At the recent St. Croix Agricultural Fair, an amount of people equivalent to the entire population of St. Croix passed through. Clearly, there is still interest in agriculture on the island though the activity of livestock raising has been in decline.
The island also has dairy cattle, sheep and goats. Horses are farmed here both for racing and pleasure.
There is poultry as chickens raised for meat and eggs. When I was a child I can remember there being a few people who raised their own turkeys, ducks, doves and quail. There has never been a lot of rabbit farming though it is common in Denmark.
The livestock industry used to be driven by beef and our native Senepol. The Annaly Farms herd has dropped from 1500 head to 200. The Nelthropps sold their herd to a rancher in Puerto Rico. The Gasperis have a herd up in Florida. A number of smaller Senepol operators have ceased while dairy has been level. If we have dairy we still have the potential for veal. Veal
farmers buy male calves for fattening from dairy herds.

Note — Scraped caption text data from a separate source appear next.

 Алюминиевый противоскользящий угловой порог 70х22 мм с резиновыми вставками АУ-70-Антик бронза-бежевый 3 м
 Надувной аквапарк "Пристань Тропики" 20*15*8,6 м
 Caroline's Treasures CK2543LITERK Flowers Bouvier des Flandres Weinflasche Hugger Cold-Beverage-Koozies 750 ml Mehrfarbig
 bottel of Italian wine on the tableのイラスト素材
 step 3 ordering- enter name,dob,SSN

This island still has the potential to grow considerably in the production of food. There are
young people who would like to have a full or part-time career in the area. Beef cattle ranchers have
utilized extensive tracts of land. The tracts were acquired in all cases before the boom of the sixties.
All cattle principally grazed on grass. Land was cheap. Grain was an expense.

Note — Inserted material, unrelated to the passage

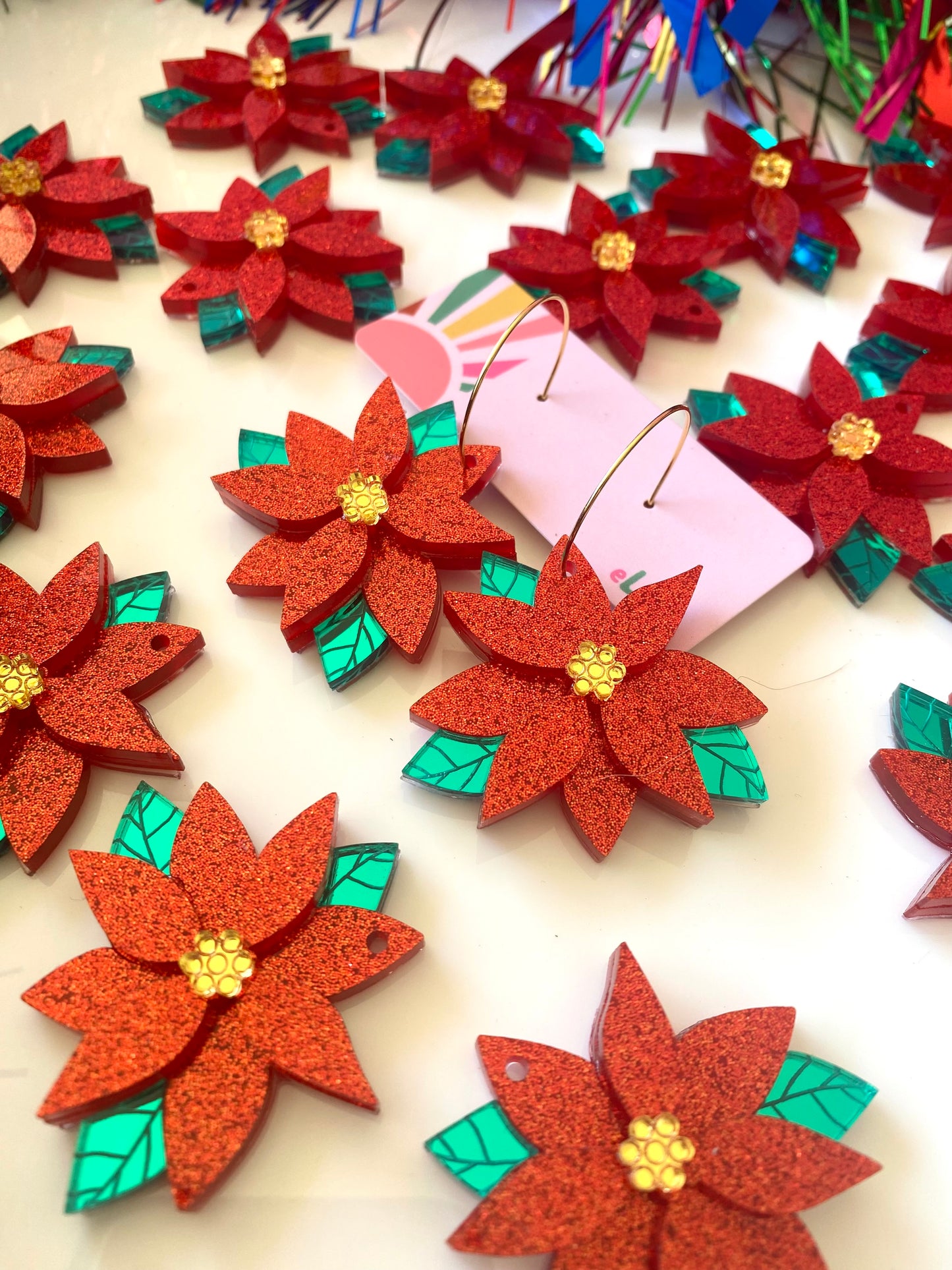 Poinsettia Hoop Earrings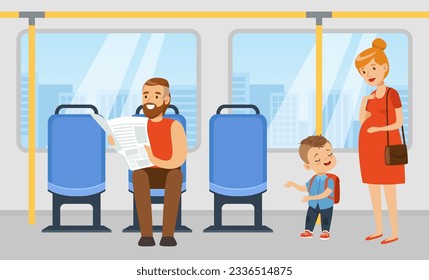 Niño educado ofreciendo un asiento en el transporte a mujer embarazada. Niño bien educado, buenos modales y respeto vector de dibujos animados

Veal farmers, horse farmers, farmers who would raise sheep, goats and rabbits all need forage. Despite the boom there are a number of tracts of land which could be used for these as they do not require the pasture of beef. On the other hand they do require pasture. Herds and flocks need to be a certain size to be economic. If a farmer has none or not enough it is difficult to buy. The cattle and dairy majors raise enough for their own stock.
On the one hand, a would-be farmer has too little forage on the other there is not enough demand for
forage as cash crop for landowners to raise it. This is leading to land dispersion for residential use and speculation. I think that it would help solve this bottleneck if fodder were to be produced by hydroponics. As land prices have gone up and systems prices down, it makes more sense. A shed a thousand square feet can raise a fresh ton.
It would actually increase the area in pasture because the livestock would go up with the supply as the average prices for forage prices went down. The livestock still needs exercise space and fiber.